В магазине «Ткани» на прилавке лежали разлинованные картонки с пришитыми к ним пуговицами. Среди них попадались красивые, похожие на броши. Отдельная картонка была выделена для перламутровых изделий. Семён покупал несколько видов по одной штуке и, придя домой, при помощи лупы, надфиля, бритвенного лезвия и паяльника изучал искусственный перламутр.

И вот однажды, когда он рассматривал гибкую слюду и слоистый обломок раковины, ему пришло в голову, что переливы перламутра связаны с его многослойностью. С тем, что он состоит из нескольких тонких слоёв с различным сопротивлением свету. Верхние — самые прозрачные для лучей, отражённых нижними, более плотными слоями, — выполняют ту же роль, что и бензиновая переливчатая плёнка на поверхности лужи. Таким образом, движущийся цвет разлитой нефти, многосоставный цвет белого света фантастически соединялся Семёном с доисторическими многослойными зеркалами: створками ископаемых моллюсков, послойно запечатлевших фрагменты древней эпохи.

Семён воображал, что если осторожно счистить верхний слой перламутра на древнем моллюске, то вовне вырвется свет — фрагмент мира, существовавшего задолго до возникновения человека. Идя вдоль речки, Семён всматривался в рельеф, вздымавшийся и опускавшийся на подступах к карьеру, и размышлял, каким был этот пейзаж в доисторические времена — до ледникового периода. Выглядело ли всё вокруг так же?

Ему жутко было думать, что — да, всё было примерно как сейчас. То же солнце, перелески, только речка утекала вон за тот холм и уходила излучиной чуть восточнее, за ту гряду холмов. Пожалуй, она была шире, полноводнее, лес стоял гуще, выше. На водопой собирались великанские олени, носороги, похожие на бронепоезд, мамонты, саблезубые кошки с длинными кожистыми ножнами, оттянутыми клыками с брыл.

Так же бесчувственно Земля неслась вокруг Солнца. И обширна была пустота: ничего, кроме пустоты. Число лет, предшествующих его появлению на Земле, представлялось Семёну совершенно холодным. Оно выпадало из опыта в бессмыслицу.

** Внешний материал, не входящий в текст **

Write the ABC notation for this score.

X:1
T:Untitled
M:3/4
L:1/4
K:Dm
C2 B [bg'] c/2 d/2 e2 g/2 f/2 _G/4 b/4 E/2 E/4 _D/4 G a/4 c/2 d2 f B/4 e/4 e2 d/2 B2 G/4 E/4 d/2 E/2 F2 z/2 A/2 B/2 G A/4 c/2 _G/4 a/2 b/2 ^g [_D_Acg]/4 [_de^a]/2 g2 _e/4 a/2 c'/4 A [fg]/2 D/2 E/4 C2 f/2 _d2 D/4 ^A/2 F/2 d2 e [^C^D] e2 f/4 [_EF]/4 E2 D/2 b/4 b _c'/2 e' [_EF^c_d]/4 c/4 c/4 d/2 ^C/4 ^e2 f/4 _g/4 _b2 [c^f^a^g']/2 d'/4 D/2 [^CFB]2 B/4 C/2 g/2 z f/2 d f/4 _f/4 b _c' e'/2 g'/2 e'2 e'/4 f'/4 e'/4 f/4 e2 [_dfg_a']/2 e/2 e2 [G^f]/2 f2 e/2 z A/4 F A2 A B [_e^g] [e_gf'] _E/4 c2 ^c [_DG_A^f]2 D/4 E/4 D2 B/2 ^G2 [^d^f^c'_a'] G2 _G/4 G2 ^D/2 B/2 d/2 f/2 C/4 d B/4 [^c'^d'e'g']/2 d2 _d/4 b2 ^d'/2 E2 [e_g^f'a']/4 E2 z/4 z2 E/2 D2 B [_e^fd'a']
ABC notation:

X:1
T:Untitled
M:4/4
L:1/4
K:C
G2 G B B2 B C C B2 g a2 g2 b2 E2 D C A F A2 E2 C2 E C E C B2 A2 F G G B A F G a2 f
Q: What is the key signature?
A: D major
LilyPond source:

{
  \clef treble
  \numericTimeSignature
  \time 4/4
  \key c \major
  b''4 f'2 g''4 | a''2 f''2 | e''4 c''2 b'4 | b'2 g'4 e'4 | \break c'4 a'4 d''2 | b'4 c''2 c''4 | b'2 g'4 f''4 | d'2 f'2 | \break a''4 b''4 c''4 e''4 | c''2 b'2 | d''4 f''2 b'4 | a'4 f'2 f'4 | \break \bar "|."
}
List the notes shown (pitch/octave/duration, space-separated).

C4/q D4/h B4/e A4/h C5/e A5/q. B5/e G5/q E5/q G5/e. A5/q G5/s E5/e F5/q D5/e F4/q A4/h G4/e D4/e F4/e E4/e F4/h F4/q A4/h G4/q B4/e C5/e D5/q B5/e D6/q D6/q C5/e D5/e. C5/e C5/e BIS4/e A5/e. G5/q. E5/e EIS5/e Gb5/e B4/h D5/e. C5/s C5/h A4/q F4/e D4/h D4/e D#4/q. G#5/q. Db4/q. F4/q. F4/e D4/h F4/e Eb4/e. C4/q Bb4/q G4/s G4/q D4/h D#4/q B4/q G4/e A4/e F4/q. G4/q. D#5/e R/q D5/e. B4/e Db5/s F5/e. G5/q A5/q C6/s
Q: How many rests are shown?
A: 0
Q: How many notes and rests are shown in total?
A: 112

Кто видел Землю до него — до человека? Было ли время до того, когда его — когда ничего не было? Однажды эти вопросы привели его к озарению, которое, впрочем, усугубило невозможность ответа.

Он понял, что мир был создан вместе с человеком. Что все эти сотни миллионов лет хотя и имеют длительность, но они суть точка, «мера ноль» — несколько дней посреди течения плодородной вязкости человеческого зрения. Что длительность этих миллионолетий фиктивна — подобно длительности угасшего сновидения, подделываемого само́й скрупулезностью исследовательского припоминания. Семён чувствовал: оставаясь один, помимо тишины он обретал что-то ещё, очень важное.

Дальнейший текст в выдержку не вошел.